In November 1985, Tony Bellotto and Arnaldo Antunes were arrested for heroin traffic and transportation. It is considered by the band as the climax of their first crisis, started with the first two albums low sales. Also, the episode made so much of an impact in the band that the next album, Cabeça Dinossauro, released in June 1986, contained a lot of tracks criticizing public institutions ("Estado Violência" and "Polícia"), as well as other "pillars" of the Brazilian society and indeed society in general ("Igreja" and "Família"). The heavy and punk-influenced rhythms and the forceful lyrics, characteristic of the band in this phase, are fully represented in this album which is considered by the critics one of the best works of the group and one of the landmarks of the Brazilian rock.

Jesus não Tem Dentes no País dos Banguelas, released in the end of 1987, continued in the same vein as the previous album in tracks like "Nome aos Bois", "Lugar Nenhum" and "Desordem", however adding samplers in tracks like "Corações e Mentes", "Todo Mundo quer Amor", "Comida" and "Diversão". After some international performances, the band recorded some of their hits in live Montreux Festival and released Go Back in 1988. The biggest hit to come out of Go Back was a live version of the song "Marvin" which is a re-invented version of "Patches" by Clarence Carter made famous by Elvis. Still in 1988, they guest performed on the song "Tempo" (written by Antunes and Miklos) of Sandra de Sá's 1988 self-titled album.

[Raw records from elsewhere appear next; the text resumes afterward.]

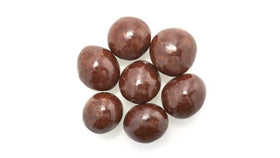 Yupik dark chocolate strawberries coating close-up shows rich 60% cacao coating.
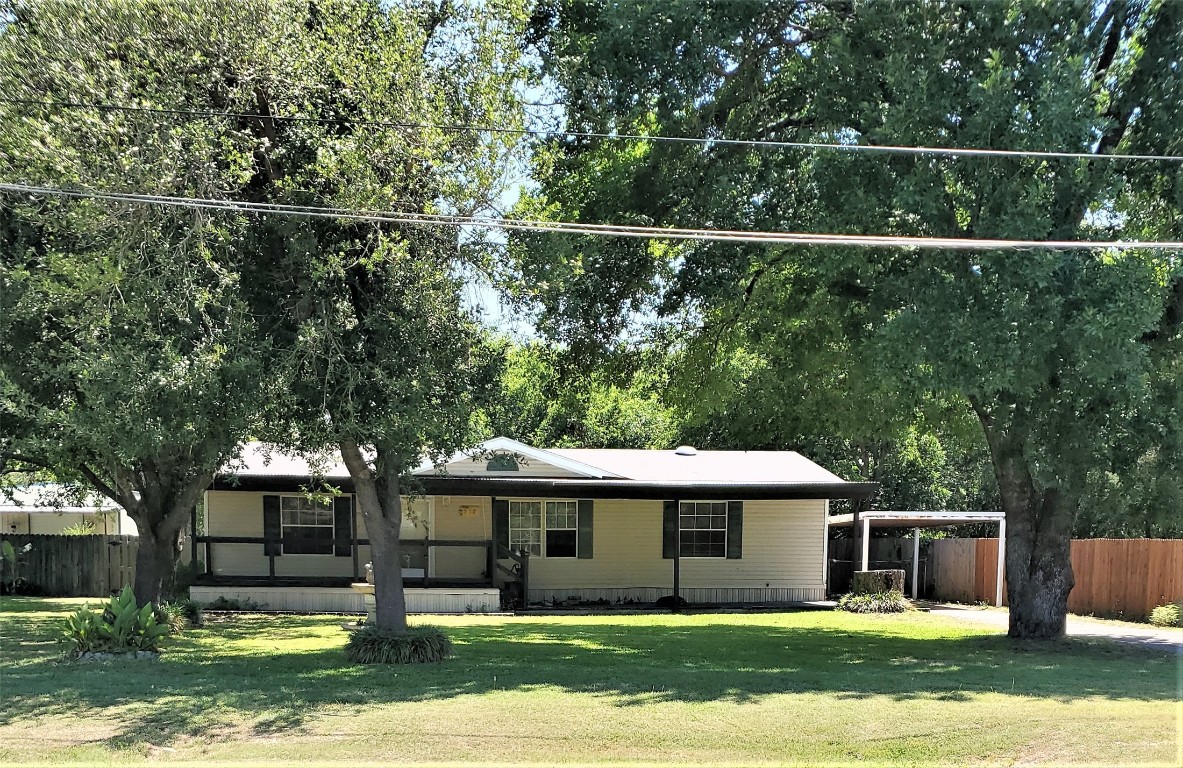 512 N Fordyce Street Blooming Grove TX 76626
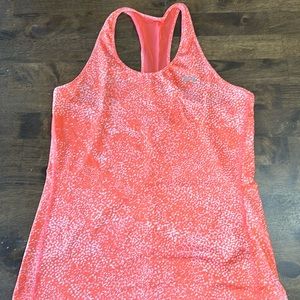 Never worn Under Armour Tank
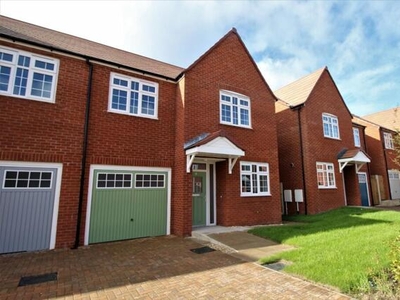4 Bedroom Semi-detached House For Sale In Sandbach, Cheshire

The producer Liminha (a former adjunct member of Os Mutantes) was always an important associate of the band since Cabeça Dinossauro, and this association arrived to its climax in Õ Blésq Blom (1989), one of the most popular productions of the band by that time. Some of the prominence tracks: "Miséria", "Flores", "O Pulso" and "32 Dentes". One of the prominent features of this work was the special guest appearance of a couple of improvisors, called Mauro and Quitéria, discovered by the band at a beach in Recife.

=== 1990-1995: Antunes' departure and Jack Endino era ===
The band had arrived to a decisive point in its history and the next album, Tudo ao Mesmo Tempo Agora marks a strong yaw at the musicians' style, searching for heavier, alternative and authorial sound, along with scatological lyrics. The members themselves produced the album.

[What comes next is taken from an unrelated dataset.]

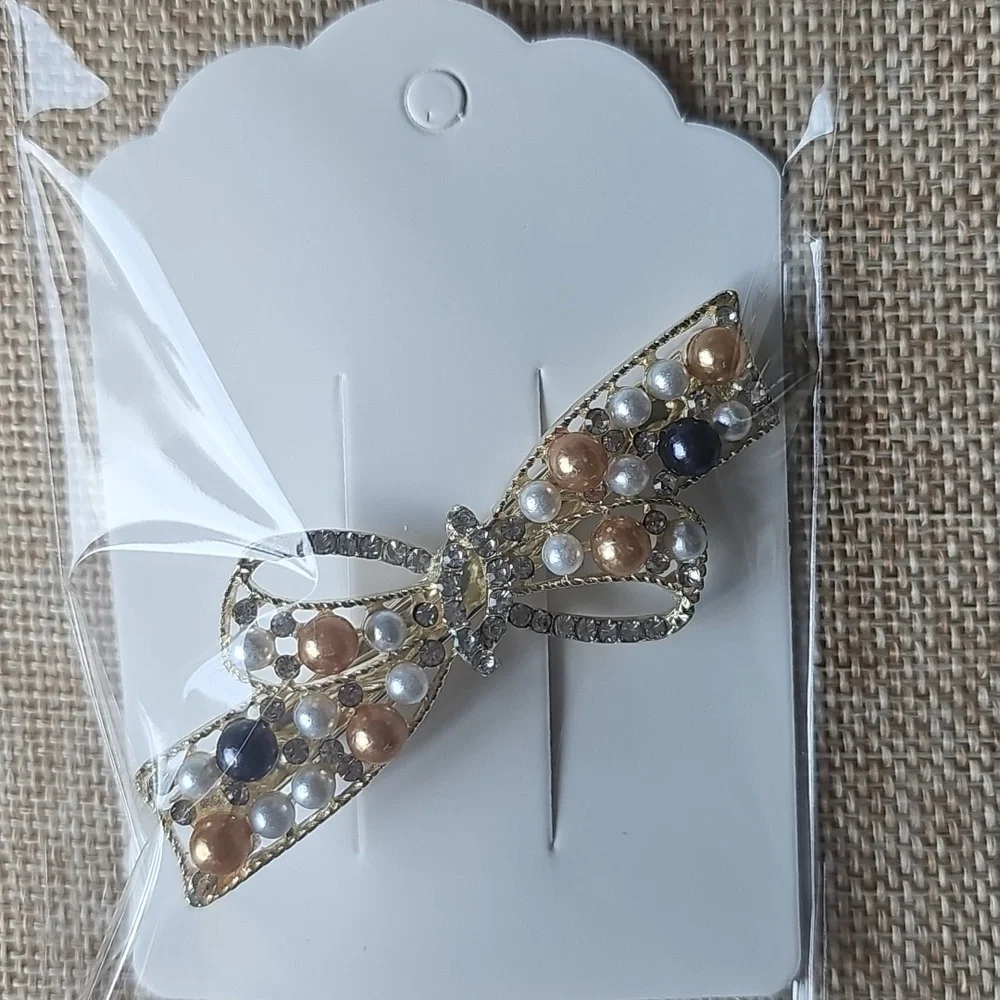 NIP Elegant Gold, Silver, Rhinestone And Pearl Bow Hair Claw Clip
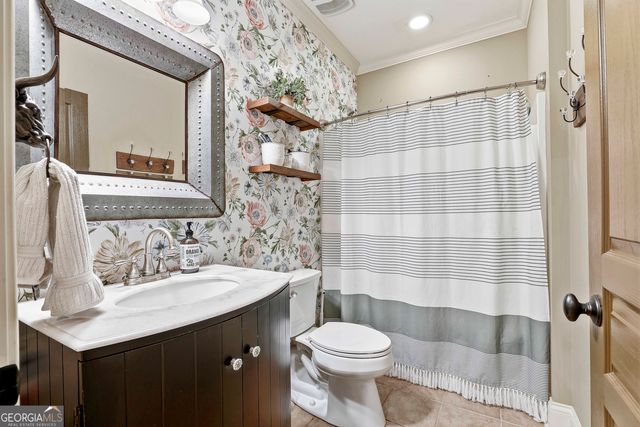 615 Osborne Court, Fayetteville, GA 30215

Unhappy with the new direction taken by the band, Antunes left for a solo career on 15 December 1992, although he would continue to write occasional songs with them. The following album, Titanomaquia, in 1993, continued the previous work in a way, with heavy instrumentation and aggressive lyrics, only now produced by Jack Endino, producer of important bands like Nirvana, which contributed for the grunge-influenced sound.

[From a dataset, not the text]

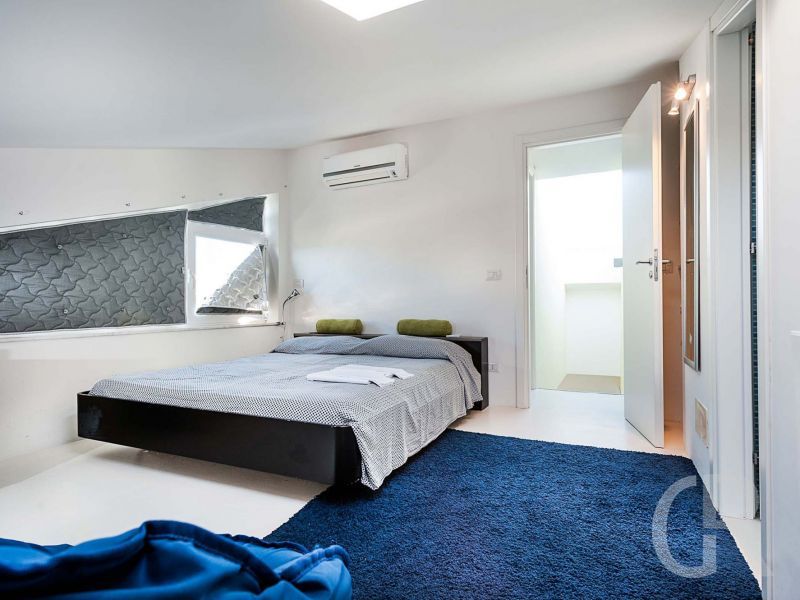 ferienvilla-grosses-schlafzimmer.jpg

In 1995 the band decided to take a break for one year during which many of its members decided to work solo. Miklos and Reis released their debut solo efforts, Paulo Miklos and 12 de Janeiro, respectively; Britto and Mello formed Kleiderman; and Bellotto wrote his first book, Bellini e a Esfinge.

The band released Domingo in the end of 1995, again with production by Endino.

=== 1997-1999: Acoustic and tribute efforts ===

Titãs, as depicted in their MTV Unplugged album. Standing, from left to right: Marcello Fromer, Paulo Miklos, Branco Mello and Nando Reis. Sitting, from left to right: Sergio Britto, Charles Gavin and Tony Bellotto.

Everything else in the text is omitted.